Just over six months in, firms are continuing work on embedding the Duty in their ways of working to ensure it is truly sustainable. This requires exploring what it means for their strategy, their business, and their culture.
Consumer Duty requires a sustained change in culture
At KPMG, we believe culture is influenced by purpose, vision and values, and demonstrated in the day-to-day behaviours of people across the organisation; the things they say and do. Their behaviours are directed by the actions and decisions of their leaders and managers and are influenced by training, communications, and how they are incentivised.
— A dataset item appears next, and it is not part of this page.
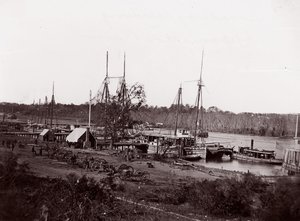 Broadway Landing, Appomattox River door William Frank Browne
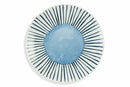 Set 6 Piatti Piani Ø27x2,5 cm in Porcellana Villa d'Este Home Tivoli Marea Rghe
It’s critical that firms create the right environment and ways of working to minimise barriers to doing the right thing and encourage ‘good’ behaviours. What their teammates and colleagues do or ‘get away with’ is influential – as Steve Gruenert and Todd Whitaker famously said, “The culture of any organisation is the worst behaviour the leader is willing to tolerate”.
How do you know whether your culture supports good customer outcomes?
Measuring culture is notoriously hard. In relation to the Duty, many organisations either don’t measure it or rely on surveys asking their people to rate their understanding of Consumer Duty. These surveys have a place; but understanding the Duty does not necessarily translate to behaviour and actions on the ground. Many other organisations will opt to evaluate the appropriateness and effectiveness of the things that influence culture like training, communications, performance management and incentives, as these are easier to measure, and data often already exists.
More effective ways to measure whether your culture supports good outcomes is by measuring the decisions and actions people take day-to-day, particularly in circumstances such as our opening scenario where there are competing priorities. Questions about leadership and managerial actions and the level of psychological safety to speak up are also very valuable as they highlight potential barriers to ‘good’ behaviours.
What should organisations focus on now and in the longer term?
Organisations should:
- Baseline their culture in relation to Consumer Duty through reviewing drivers of culture, assessing perception of tone from the top and measuring the actual or perceived behaviours of people across the organisation.
- When conducting Outcomes Testing and carrying out data analytics work, consider whether the underlying root cause is cultural in nature.
- Leverage colleague knowledge of processes and systems to identify barriers to doing the right thing. Removing these barriers from a colleague’s working environment can effect change quickly.
- Continually evolve performance management and reward strategies to ensure the right behaviours are incentivised.
- Seek to understand the degree of psychological safety in your organisation and take action to strengthen it where lower - a topic we will cover in a future blog.